1. Pregnant women: Disabled. There is a risk of fetal malformation.
2. Breastfeeding women: It is recommended to stop breastfeeding during treatment and at least 1 week after the last dose.
3. Men and women of childbearing age:Women of childbearing potential must use effective contraception during treatment and for at least 30 days after the last dose. Male patients who have female partners of childbearing age should also use effective contraception during treatment and within 1 week after the last dose.
4. Medication for children: Safety and effectiveness have not been established.
5. Medication for the elderly: No significant difference in overall safety was observed in patients aged 65 and above, but the incidence of certain side effects (such as diarrhea, loss of appetite, vomiting) may be higher.

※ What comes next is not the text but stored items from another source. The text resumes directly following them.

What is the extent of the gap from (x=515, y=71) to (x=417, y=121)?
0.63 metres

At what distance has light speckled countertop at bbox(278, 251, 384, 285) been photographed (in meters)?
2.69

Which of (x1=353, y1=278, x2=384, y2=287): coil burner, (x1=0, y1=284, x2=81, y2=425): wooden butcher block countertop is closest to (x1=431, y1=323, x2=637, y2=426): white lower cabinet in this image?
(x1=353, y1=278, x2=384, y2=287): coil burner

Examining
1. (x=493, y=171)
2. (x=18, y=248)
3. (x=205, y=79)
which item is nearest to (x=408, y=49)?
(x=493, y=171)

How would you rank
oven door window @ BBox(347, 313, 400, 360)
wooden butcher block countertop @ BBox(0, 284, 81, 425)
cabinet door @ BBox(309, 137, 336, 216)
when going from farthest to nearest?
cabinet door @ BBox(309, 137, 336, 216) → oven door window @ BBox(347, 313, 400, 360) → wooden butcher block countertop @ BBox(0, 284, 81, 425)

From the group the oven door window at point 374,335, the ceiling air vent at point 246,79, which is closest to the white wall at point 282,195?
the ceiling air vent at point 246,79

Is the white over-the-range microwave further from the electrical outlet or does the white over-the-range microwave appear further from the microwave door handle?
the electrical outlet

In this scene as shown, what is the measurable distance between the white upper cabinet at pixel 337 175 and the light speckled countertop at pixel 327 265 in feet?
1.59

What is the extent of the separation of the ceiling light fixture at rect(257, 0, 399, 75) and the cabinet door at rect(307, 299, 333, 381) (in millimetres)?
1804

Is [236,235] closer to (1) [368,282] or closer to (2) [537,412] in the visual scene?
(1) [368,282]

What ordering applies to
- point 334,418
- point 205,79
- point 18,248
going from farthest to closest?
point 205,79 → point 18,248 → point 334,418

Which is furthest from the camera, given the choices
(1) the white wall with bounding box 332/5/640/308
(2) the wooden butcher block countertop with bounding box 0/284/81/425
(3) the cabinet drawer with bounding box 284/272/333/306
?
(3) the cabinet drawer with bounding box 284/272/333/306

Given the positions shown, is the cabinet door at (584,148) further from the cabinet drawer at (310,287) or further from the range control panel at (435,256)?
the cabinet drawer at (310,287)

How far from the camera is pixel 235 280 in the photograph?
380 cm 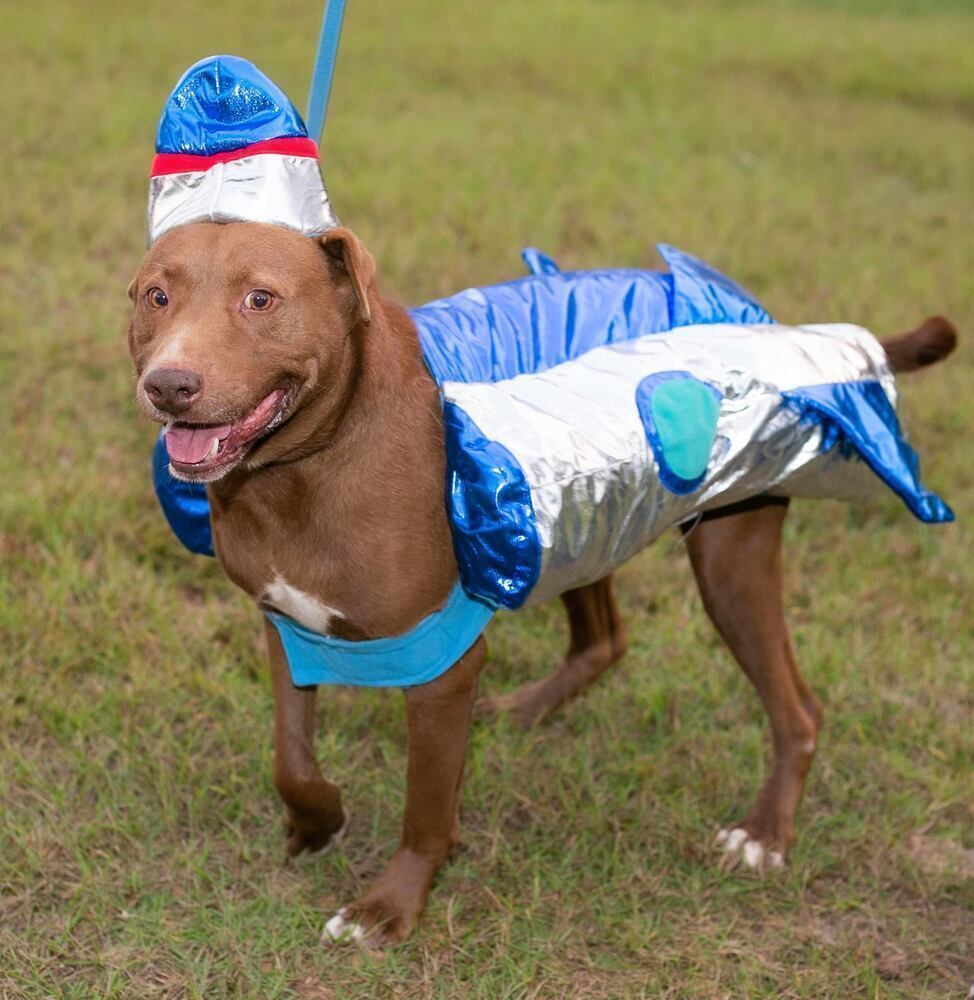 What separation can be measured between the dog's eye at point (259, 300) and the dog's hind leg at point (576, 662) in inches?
64.8

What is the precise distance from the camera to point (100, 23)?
10484 mm

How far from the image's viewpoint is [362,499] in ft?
8.83

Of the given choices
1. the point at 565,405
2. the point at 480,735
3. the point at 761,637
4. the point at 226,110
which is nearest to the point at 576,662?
the point at 480,735

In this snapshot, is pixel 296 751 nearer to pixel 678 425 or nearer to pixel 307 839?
pixel 307 839

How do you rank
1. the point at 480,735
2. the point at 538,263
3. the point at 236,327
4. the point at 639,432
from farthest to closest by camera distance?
the point at 480,735, the point at 538,263, the point at 639,432, the point at 236,327

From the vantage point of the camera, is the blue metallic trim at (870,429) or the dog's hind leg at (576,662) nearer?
the blue metallic trim at (870,429)

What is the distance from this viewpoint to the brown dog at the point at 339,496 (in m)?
2.44

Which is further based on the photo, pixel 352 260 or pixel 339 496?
pixel 339 496

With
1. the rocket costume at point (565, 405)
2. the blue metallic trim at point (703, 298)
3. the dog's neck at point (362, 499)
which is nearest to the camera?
the rocket costume at point (565, 405)

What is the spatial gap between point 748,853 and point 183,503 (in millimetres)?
1655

6. Patients with hepatic impairment: Patients with mild hepatic impairment do not need to adjust the dose. Patients with moderate hepatic impairment (Child-Pugh class B) need to reduce the dose: when treating thyroid cancer and renal cancer, the starting dose is reduced to 14 mg/day (single agent) or 10 mg/day (combined with pembrolizumab); it is not recommended for the treatment of liver cancer. It is contraindicated in patients with severe hepatic impairment (Child-Pugh Class C).
7. Patients with renal impairment: No dose adjustment is required in patients with mild or moderate renal impairment. Patients with severe renal impairment or end-stage renal disease should use it with caution and closely monitor for adverse reactions.